September 22 is the shared birthday of Bilbo and Frodo Baggins, protagonists of J.R.R.Tolkien’s masterpieces The Hobbit and The Lord of the Rings.
September 29 is the date that Bilbo and Frodo went with the elves into the West, leaving Middle Earth forever. “...and the sails were drawn up, and the wind blew, and slowly the ship slipped away down the long grey firth; and the light of the glass of Galadriel that Frodo bore glimmered and was lost.”
Pardon me while I sniff and dab at my eyes. There’s a reason, over and beyond the bittersweet fall of the year, why I always feel a delicious melancholy in September. It’s this story. It’s The Story
I first read The Lord of the Rings in my teens, more than a few years ago, and wanted nothing more than to forsake the suburban streets of Ohio and crawl through the pages into Middle Earth. I remember writing a poem of typical teen angst, ending "Rohan, Rohan, the clear sound of the horns in the dawn!"
Any angst I have now is of the adult variety, but I still cry at that scene from The Return of the King, where Gandalf and Shadowfax make their stand in the broken gates of Minas Tirith, where the Rohirrim, led by doomed Theoden and fey Eowyn, charge down onto the field of hopelessness as the dawn breaks, and as black sails unfurl not in despair but in a hope that returns just when all seems darkest.
This is not the only scene that brings a lump to my throat and tears to my eyes.
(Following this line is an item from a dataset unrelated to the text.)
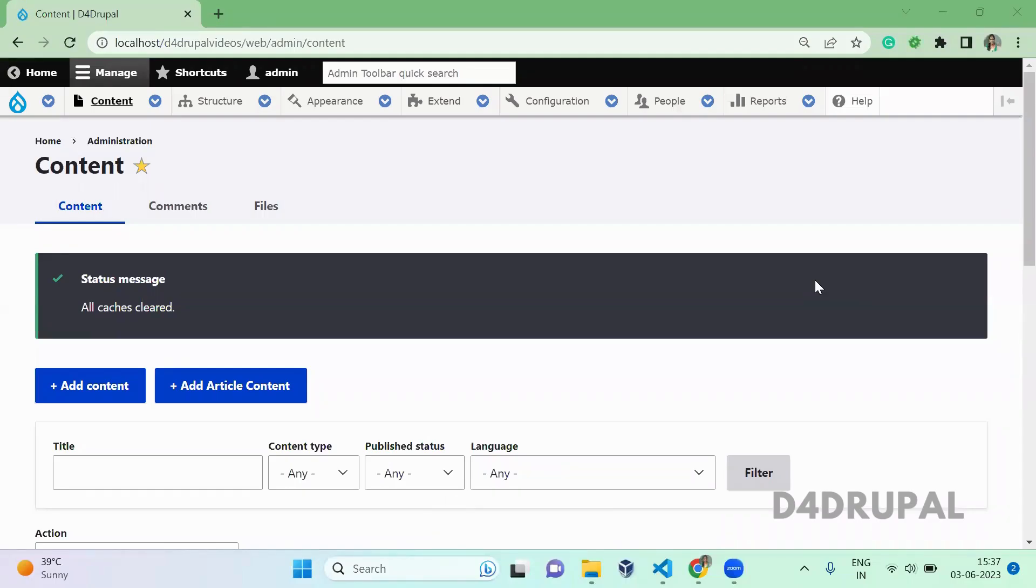Hello everyone, welcome to default Drupal channel. Today we are going to see how to create menu tabs in your Drupal instance.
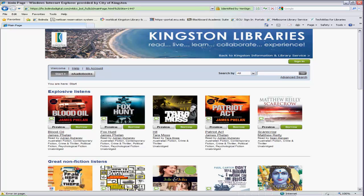To begin downloading an eAudiobook, you must be a registered user. You will only need to do this once, and you will require your library borrower number and your four-digit PIN to complete this part of the process. If you don't have a PIN or have forgotten what it is, please give us a call or come into one of our branches to reset it for you.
But then, as Gandalf says, “I will not say do not weep, for not all tears are an evil.”
I've read The Lord of the Rings over and over again, sometimes re-reading a scene many times trying to grasp how Tolkien's writing, no more than black marks on a piece of paper, can contain inimitable imagery that illuminates vast landscapes and capture the truth of his world. And yet, no matter how many times I re-read my favorite passages, they're still fresh.
Recently I re-read my first published fantasy novels. I was appalled to discover I'd used several Tolkien-esque phrases—quite unconsciously, as much of his prose is now rooted in my soul. My more recent novels are set in this present-day world, giving me the chance to have characters find each other when one of them uses the word "mathom", for example, or makes a reference to Black Riders. No matter how contemporary the settings, though, I try to write my novels with the awareness of another world beyond this one, of depths of history and breadth of legend, that I learned from Tolkien.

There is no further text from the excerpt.